Some have built their case through long-period consistency. Some have delivered stronger recent alpha with more volatility. Others have stayed closer to the market and may suit investors who value a steadier core. The useful question is therefore not, "Which fund is number one?" It is, "Which evidence matters for the role this fund must perform in my portfolio?"
How the field was narrowed
The 41 schemes reviewed include active funds, index funds, ETFs and fund-of-funds products, as well as schemes without enough history for a full-cycle comparison. Mixing them would reward incompatible structures. We therefore considered all 41 schemes but separated passive and fund-of-funds strategies, duplicate variants and schemes without observed medium-term history.

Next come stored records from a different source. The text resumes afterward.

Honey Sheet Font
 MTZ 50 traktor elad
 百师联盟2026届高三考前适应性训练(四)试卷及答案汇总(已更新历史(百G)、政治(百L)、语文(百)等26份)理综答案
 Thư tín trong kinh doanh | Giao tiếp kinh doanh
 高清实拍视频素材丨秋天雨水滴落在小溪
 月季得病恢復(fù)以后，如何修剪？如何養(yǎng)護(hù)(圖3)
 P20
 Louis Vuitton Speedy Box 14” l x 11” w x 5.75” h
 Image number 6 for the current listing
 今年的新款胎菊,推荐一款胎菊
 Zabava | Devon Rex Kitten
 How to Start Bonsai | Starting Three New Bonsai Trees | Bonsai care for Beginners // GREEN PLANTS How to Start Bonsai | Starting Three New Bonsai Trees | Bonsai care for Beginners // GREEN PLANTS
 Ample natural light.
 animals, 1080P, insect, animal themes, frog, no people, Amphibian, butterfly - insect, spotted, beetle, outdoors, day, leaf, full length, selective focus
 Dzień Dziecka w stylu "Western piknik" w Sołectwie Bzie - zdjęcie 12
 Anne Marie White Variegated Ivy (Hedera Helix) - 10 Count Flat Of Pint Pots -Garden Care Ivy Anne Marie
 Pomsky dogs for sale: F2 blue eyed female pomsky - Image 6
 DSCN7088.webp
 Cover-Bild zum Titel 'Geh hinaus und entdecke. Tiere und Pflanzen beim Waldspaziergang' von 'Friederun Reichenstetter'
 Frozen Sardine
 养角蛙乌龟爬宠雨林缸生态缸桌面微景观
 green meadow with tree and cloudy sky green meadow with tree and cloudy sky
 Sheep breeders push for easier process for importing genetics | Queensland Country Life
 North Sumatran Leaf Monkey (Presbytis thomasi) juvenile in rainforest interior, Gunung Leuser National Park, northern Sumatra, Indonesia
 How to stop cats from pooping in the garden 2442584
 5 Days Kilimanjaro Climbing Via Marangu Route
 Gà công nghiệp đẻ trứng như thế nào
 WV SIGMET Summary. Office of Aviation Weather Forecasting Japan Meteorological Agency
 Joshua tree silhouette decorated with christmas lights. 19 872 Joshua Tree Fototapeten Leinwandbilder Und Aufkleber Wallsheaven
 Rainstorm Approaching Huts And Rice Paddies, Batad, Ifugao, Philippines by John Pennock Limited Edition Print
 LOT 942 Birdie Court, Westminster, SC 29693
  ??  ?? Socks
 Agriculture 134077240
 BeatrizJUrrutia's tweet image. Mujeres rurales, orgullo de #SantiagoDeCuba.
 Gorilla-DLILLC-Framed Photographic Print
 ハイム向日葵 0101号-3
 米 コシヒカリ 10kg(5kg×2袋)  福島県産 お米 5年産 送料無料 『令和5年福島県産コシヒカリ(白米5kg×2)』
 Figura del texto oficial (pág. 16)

The main comparison uses five active growth schemes with observed 3-year, 5-year and 10-year returns. Quant Large Cap Fund is included separately as a shorter-history contrast because its 3-year record and risk metrics are notable, but no observed 5-year or 10-year return was available for it as of the comparison date. No missing return has been estimated.
Selection considered multi-period returns, alpha, beta, standard deviation, Sharpe and Sortino ratios, expense ratio, AUM and large-cap allocation. The figures below reflect the large-cap fund comparison as of 19 June 2026 and should be read as a dated research snapshot, not a live quote.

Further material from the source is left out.